In essence, this means that in future all companies in Switzerland should be taxed at the same rate. Today, all the cantons grant tax privileges to internationally active companies. Their foreign profits are taxed at a lower rate. Because the status quo is simply no longer an option, the federal government, parliament and cantons have drafted a widely supported compromise. With this, tax revenue of more than CHF5 billion and more than 150,000 jobs can be secured.
Switzerland now has two alternatives: We can confront tax realities, or we can bury our heads in the sand. In the first scenario, Switzerland has a good chance of reaping rewards. In the second, it will certainly lose out. The Social Democrats have seized on the referendum but so far they have not presented a Plan B.
So there are just two possible paths for Switzerland to take:
- If the outcome is “yes”, the cantons will have to abolish controversial tax systems. They will receive a toolbox of internationally acceptable instruments to restructure their tax systems from the federal government. All measures are voluntary and the cantons can decide autonomously. At the same time, the government will pay the cantons CHF1.1 billion a year to support them in the restructuring.
- If the outcome is “no”, the cantons will have to abolish their tax systems anyway. Because the new government instruments will not be available, the adjustment will be considerably more expensive. The only option for the cantons will be to lower taxes on earnings. That will lead to large shortfalls. At the same time, the government’s financial support will be withheld and the cantons, local authorities and cities will be left high and dry.
In other words, the corporate tax reform is a package of support measures from the federal government to the cantons. How exactly they restructure their tax systems is for the cantons to decide individually and democratically. What is clear is that big international companies will tend to pay more and small and medium-sized companies will be strengthened.

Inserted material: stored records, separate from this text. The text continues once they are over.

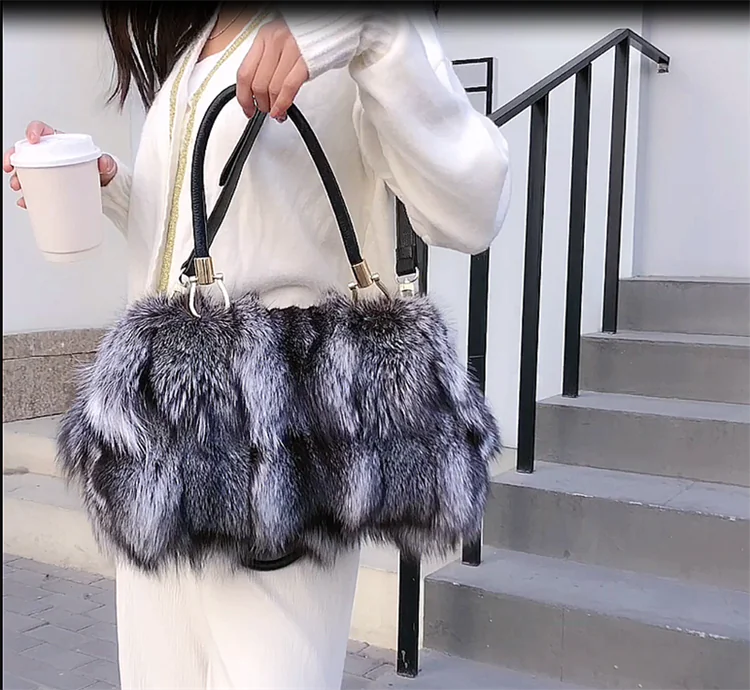 Elegant Fox Fur & Leather Tote (Spacious)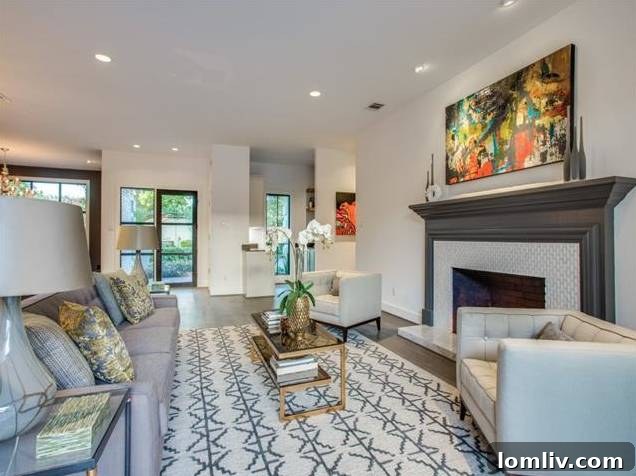 Elegant dining room with high ceilings and modern chandelier in 11705 Parwen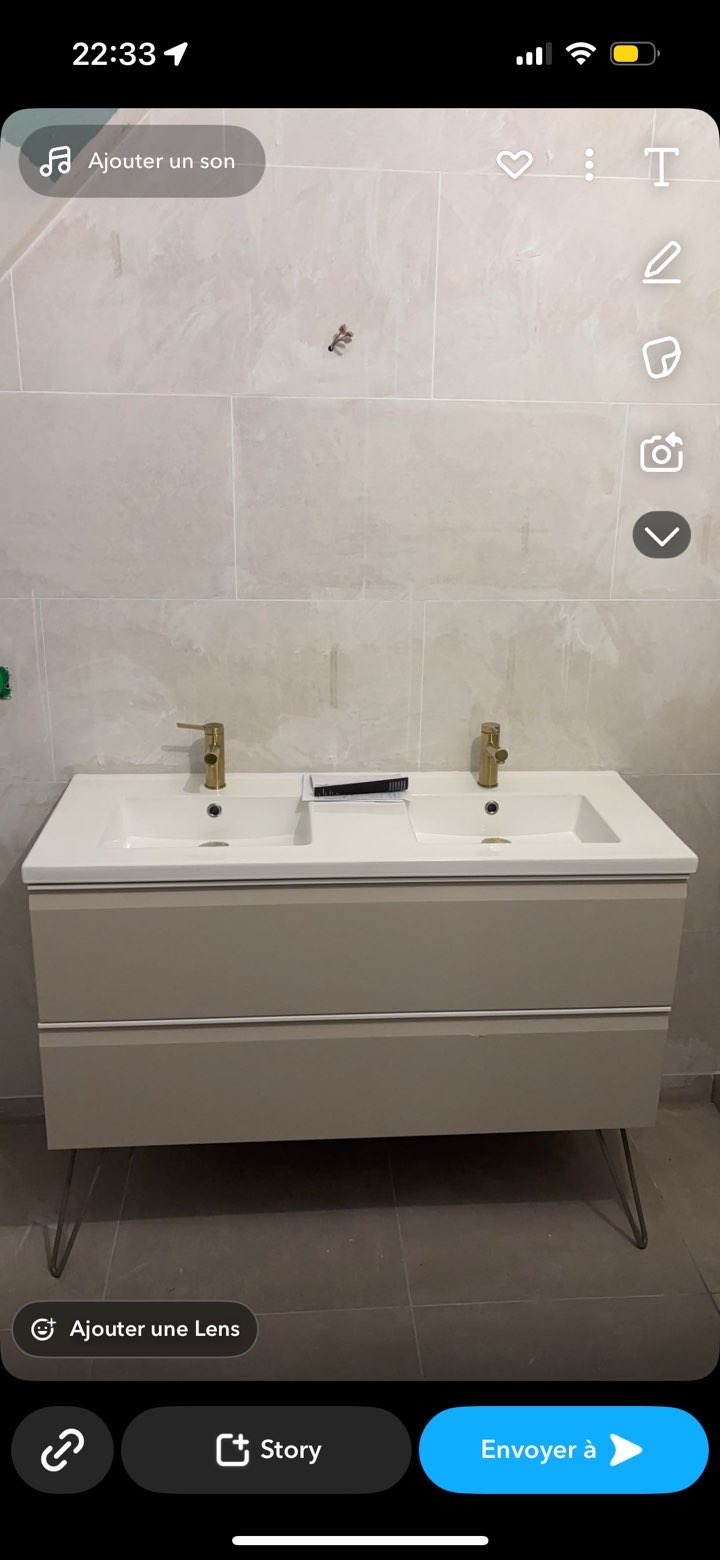 Salle de bain complète avec double vasque et WC suspendu - Plombier Val-d'Oise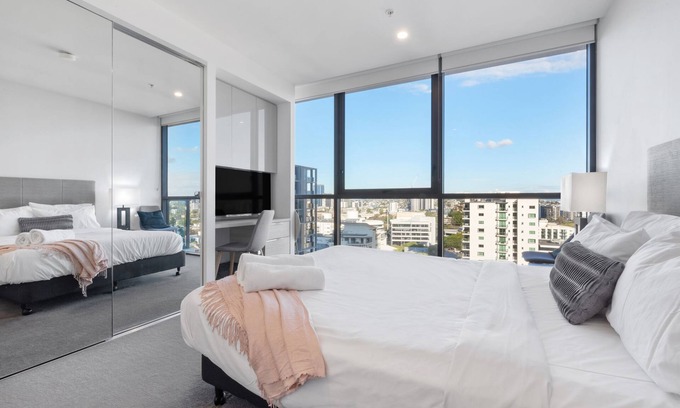 Milton Apartment | Hearty Studio Apartment, Milton Brisbane
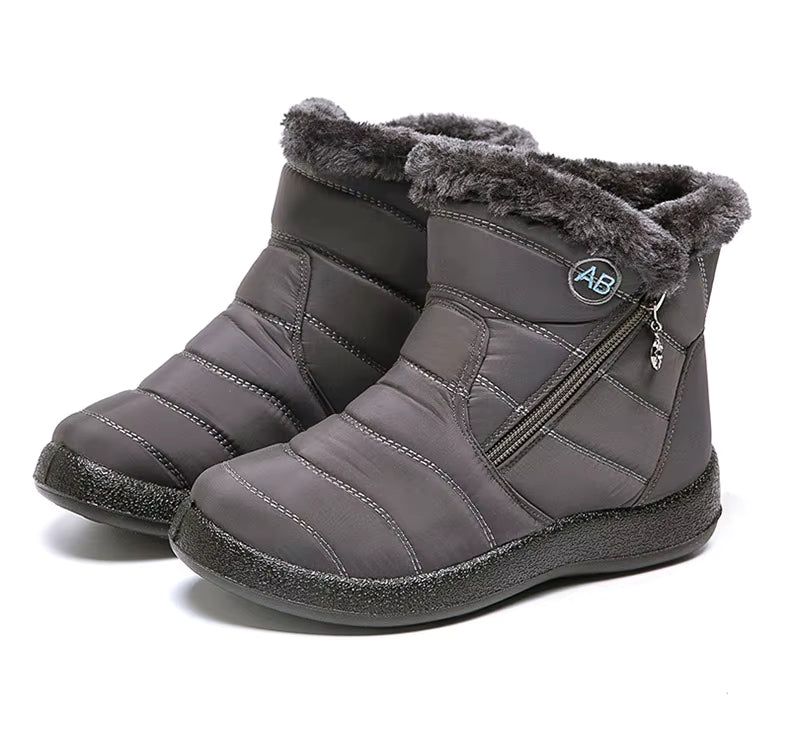 Boots Imperméable Femme en gris avec col en fourrure, vue rapprochée montrant la texture matelassée et la semelle antidérapante.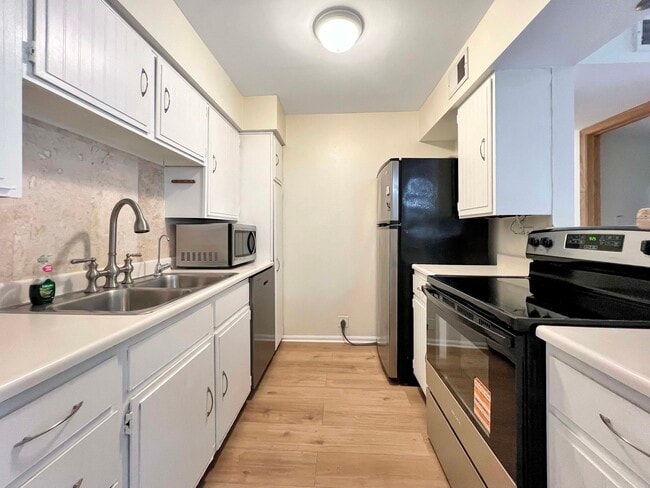 Foto del edificio - 6153 Knoll Way Dr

There is a great deal at stake for Switzerland. Thanks to healthy public budgets, our country can offer high performance and good infrastructure while simultaneously standing its ground in international tax competition. With the tax reform, Switzerland will in future remain among the best corporate locations in the world and maintain its tax base.
For these reasons, the tax reform is supported by an enormously broad alliance of the federal government, almost all parties, all cantons, the association of municipalities and the entire business community. Only left-wing groups are opposed to it. The opponents have not presented an alternative.
Whoever wants to guarantee international acceptance of the Swiss tax system, tax revenue and jobs will vote “yes” to the tax reform on February 12.